Jordan Fickess, executive administrator at Johnson & Wales’ North Miami campus, said, “Larry's dedication to the university’s hands-on learning philosophy is what creates a competitive advantage for our students in the marketplace. He is a champion for one-on-one interaction between faculty and students, and encourages his faculty members to get to know our students’ interests and strengths to help them blossom into successful professionals.”
In reflecting upon his responsibilities as the dean of academic affairs, Rice said, “What drives me is the desire to give back and to be able to do more for students at JWU to make sure that each of them has the same experience that I had or better, because what I had – I loved. I want to be able to capture that and make sure that the university stays true to that.”
Shawn Lucas can attest to Rice’s desire to give back.
Lucas, a former student of Rice who is now corporate executive chef for Electrolux Professional North America, said, “Dr. Rice was the voice of reason when it came to making major decisions in my life.
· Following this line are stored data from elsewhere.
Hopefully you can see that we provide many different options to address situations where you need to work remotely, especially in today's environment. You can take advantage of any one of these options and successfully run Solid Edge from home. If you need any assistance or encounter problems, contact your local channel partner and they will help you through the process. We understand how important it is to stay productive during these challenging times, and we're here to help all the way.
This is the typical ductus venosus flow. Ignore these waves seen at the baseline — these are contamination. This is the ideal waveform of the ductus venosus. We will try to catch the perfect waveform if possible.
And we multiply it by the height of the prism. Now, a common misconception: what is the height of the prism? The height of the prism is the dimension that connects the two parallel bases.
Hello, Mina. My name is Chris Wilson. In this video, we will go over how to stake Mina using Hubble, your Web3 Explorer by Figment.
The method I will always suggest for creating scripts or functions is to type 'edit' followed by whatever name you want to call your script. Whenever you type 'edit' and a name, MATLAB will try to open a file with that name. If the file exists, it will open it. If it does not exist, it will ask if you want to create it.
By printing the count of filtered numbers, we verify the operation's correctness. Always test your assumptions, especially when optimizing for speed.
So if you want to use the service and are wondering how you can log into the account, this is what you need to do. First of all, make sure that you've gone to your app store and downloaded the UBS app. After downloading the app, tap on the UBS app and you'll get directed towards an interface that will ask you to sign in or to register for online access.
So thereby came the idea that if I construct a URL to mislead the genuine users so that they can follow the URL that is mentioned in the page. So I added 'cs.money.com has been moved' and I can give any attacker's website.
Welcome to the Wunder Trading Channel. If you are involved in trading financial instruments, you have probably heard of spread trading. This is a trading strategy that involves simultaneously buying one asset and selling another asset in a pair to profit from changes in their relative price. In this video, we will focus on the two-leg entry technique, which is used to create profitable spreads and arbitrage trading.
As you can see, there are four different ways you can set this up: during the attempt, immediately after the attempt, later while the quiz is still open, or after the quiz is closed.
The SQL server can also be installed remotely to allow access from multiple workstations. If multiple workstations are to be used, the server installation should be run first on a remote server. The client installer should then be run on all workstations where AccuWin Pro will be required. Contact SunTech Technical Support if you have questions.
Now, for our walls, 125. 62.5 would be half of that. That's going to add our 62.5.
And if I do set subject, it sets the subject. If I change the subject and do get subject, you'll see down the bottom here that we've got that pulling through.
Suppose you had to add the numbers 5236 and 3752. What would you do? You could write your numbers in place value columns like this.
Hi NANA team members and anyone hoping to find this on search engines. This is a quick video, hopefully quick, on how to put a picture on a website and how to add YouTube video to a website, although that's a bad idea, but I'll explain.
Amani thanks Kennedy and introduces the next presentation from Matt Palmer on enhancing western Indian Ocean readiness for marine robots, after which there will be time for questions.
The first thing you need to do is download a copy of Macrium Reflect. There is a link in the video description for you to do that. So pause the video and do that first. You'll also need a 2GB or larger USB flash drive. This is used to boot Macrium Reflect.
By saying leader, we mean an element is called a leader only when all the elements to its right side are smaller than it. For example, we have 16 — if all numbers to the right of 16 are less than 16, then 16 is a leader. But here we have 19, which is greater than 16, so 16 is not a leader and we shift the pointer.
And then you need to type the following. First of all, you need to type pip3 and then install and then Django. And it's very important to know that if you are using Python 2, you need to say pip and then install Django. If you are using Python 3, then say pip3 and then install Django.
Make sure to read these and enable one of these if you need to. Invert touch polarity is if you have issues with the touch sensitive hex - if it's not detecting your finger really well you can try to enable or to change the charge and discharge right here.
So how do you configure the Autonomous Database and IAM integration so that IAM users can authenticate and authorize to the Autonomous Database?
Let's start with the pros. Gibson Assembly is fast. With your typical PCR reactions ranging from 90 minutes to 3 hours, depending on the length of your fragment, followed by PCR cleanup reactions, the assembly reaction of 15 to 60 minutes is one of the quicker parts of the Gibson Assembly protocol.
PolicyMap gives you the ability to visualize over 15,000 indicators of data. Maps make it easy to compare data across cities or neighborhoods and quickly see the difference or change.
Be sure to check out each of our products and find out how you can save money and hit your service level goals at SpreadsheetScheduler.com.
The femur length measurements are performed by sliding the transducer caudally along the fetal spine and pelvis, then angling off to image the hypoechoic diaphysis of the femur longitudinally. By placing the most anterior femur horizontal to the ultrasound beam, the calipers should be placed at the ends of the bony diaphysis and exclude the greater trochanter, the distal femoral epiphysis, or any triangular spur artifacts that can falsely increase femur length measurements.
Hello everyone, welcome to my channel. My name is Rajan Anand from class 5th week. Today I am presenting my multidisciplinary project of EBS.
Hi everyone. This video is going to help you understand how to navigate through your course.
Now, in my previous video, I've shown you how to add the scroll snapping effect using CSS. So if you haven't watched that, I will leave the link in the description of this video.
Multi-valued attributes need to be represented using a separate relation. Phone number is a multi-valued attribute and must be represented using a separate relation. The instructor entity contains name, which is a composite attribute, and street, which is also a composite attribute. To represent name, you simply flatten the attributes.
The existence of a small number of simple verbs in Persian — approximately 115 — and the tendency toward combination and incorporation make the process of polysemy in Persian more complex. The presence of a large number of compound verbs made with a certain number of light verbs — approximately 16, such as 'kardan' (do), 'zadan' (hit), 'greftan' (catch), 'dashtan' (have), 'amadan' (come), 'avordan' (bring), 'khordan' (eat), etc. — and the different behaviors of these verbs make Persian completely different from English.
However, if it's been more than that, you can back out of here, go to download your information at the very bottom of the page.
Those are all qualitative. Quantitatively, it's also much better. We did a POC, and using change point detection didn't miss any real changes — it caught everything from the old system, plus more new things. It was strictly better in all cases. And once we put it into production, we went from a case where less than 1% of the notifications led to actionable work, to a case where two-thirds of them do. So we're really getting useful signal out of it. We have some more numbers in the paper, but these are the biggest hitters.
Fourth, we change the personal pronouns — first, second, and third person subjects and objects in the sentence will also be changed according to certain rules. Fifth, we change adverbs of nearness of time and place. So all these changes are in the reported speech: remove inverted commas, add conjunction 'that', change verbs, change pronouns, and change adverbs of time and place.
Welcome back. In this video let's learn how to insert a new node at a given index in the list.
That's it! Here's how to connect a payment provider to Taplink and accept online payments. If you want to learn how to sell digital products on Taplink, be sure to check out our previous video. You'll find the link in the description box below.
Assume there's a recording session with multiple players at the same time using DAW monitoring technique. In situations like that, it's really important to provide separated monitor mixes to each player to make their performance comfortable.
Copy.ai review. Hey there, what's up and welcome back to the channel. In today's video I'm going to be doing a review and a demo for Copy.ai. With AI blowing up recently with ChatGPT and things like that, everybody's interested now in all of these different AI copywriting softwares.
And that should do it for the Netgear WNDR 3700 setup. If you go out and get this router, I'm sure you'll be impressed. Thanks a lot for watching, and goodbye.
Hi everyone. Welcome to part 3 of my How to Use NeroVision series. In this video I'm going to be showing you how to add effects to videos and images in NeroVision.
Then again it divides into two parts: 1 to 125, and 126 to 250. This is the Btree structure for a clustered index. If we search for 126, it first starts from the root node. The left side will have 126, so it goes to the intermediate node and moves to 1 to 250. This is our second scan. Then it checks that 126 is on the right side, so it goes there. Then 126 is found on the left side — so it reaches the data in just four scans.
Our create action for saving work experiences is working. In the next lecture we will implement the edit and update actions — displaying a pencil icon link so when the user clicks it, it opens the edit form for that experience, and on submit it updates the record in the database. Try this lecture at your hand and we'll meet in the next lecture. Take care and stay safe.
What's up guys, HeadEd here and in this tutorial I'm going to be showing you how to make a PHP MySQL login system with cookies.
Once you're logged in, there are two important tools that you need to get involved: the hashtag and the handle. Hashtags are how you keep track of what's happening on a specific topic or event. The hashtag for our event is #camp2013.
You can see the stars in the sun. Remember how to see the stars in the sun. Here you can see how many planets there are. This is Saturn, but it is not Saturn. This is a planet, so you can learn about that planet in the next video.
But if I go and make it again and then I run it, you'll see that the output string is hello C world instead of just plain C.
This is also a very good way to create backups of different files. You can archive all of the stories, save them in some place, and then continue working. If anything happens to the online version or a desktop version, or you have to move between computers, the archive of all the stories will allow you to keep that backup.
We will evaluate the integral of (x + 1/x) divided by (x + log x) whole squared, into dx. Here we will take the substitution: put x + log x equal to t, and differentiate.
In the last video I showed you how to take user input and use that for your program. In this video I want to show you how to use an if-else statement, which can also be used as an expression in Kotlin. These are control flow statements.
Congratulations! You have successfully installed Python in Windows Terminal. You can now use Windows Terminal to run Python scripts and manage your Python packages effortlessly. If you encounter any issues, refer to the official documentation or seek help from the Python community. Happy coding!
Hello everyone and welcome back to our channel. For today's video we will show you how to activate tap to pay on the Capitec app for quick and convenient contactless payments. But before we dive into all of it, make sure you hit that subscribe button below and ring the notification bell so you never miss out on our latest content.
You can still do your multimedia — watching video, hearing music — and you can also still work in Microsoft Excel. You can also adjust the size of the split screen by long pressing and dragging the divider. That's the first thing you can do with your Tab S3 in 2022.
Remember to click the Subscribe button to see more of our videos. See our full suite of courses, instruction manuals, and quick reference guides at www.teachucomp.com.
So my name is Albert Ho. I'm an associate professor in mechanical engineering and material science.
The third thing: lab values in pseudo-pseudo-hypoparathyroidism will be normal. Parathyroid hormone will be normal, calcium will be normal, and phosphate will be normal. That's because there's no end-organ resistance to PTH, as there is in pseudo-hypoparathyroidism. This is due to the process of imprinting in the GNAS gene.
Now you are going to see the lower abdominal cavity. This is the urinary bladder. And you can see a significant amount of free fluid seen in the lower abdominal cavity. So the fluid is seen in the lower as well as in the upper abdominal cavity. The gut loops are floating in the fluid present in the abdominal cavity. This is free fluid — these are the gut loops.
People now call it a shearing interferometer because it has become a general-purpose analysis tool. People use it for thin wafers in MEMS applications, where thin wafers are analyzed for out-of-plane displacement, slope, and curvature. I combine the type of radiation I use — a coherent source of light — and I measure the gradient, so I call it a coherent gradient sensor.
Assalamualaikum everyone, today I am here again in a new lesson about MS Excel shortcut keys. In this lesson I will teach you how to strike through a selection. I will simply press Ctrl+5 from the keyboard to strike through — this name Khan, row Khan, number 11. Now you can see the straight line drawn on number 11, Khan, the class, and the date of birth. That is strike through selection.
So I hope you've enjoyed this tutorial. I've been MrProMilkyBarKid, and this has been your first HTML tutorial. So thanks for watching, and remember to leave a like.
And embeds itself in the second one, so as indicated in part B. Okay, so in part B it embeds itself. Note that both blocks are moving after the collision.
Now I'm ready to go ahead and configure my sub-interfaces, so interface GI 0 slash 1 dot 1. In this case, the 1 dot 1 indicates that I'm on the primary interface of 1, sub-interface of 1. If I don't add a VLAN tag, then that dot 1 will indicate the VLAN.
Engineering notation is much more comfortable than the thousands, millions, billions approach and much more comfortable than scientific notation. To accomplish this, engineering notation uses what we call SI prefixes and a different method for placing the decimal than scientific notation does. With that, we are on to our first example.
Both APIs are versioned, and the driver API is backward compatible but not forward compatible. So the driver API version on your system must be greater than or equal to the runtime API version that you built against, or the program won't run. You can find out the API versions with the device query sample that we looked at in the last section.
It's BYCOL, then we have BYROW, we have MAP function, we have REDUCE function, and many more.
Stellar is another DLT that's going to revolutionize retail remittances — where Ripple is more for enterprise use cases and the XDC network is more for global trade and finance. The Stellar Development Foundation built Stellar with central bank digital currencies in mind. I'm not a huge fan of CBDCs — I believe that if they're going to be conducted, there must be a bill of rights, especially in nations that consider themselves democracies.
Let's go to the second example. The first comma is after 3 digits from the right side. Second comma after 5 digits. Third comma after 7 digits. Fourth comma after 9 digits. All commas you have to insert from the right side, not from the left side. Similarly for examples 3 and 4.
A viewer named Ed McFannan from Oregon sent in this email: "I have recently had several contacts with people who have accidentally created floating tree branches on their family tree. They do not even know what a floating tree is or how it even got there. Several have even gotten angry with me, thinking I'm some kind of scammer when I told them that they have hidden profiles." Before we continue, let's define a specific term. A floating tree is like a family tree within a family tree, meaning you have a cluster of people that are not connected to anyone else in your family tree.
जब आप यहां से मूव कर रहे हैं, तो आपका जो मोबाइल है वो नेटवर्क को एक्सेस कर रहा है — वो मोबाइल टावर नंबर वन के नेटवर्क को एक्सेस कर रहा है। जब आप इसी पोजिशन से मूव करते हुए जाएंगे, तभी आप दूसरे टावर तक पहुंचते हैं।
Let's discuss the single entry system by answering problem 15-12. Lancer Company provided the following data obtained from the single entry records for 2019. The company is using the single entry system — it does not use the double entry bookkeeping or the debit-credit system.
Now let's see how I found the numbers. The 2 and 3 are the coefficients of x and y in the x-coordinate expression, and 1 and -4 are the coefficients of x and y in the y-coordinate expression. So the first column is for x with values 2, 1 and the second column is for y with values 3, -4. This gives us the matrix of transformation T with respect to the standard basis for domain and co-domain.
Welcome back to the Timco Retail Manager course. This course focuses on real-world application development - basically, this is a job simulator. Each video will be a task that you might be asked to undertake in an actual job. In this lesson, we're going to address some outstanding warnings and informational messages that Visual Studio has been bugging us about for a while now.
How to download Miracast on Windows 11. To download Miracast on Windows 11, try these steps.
He was my advisor as a student and he continued to be my mentor well after graduation and into my professional career.”
Rice has worked as chair of the board for the Visitor Industry Council of Greater Miami and as a board member of the Greater Miami Convention and Visitor’s Bureau. In January 2007, Rice was elected to the board of directors for what was then the Carnival Center for the Performing Arts. He has co-hosted the TV show “Leadership in the New Millennium,” a half-hour show that aired on Channel 36 in Miami-Dade County.
The author of two upcoming books on leadership and diversity, Rice has been featured in Miami Today, The National Black MBA magazine, Lodging Hospitality magazine, U.S. News & World Report, The Miami Times, the Black EOE Journal and South Florida CEO magazine. He was also honored at the South Florida Business Journal’s 2007 Up & Comers Awards as the winner in the professional services category.
Rice lives in Plantation with his wife, Claire Michele, and two daughters, Claire and Victoria.
He has nurtured a successful business with his wife, The Rice Consulting Group. The company conducts strategic planning for small businesses, management training, conflict resolution and mediation in the U.S., the Bahamas, Haiti and the Turks and Caicos Islands.
Rice’s wife, Claire Michele, said, “In opening up our businesses together, I have been able to rely upon his expertise and knowledge of the business and hospitality industries. Additionally, Larry is well connected with various organizations in the community and his understanding of how they do business is invaluable.”
She continued, “Irrespective of our audiences, Larry's charisma has come through in his manner of encouraging people to reach beyond their constraints to succeed.”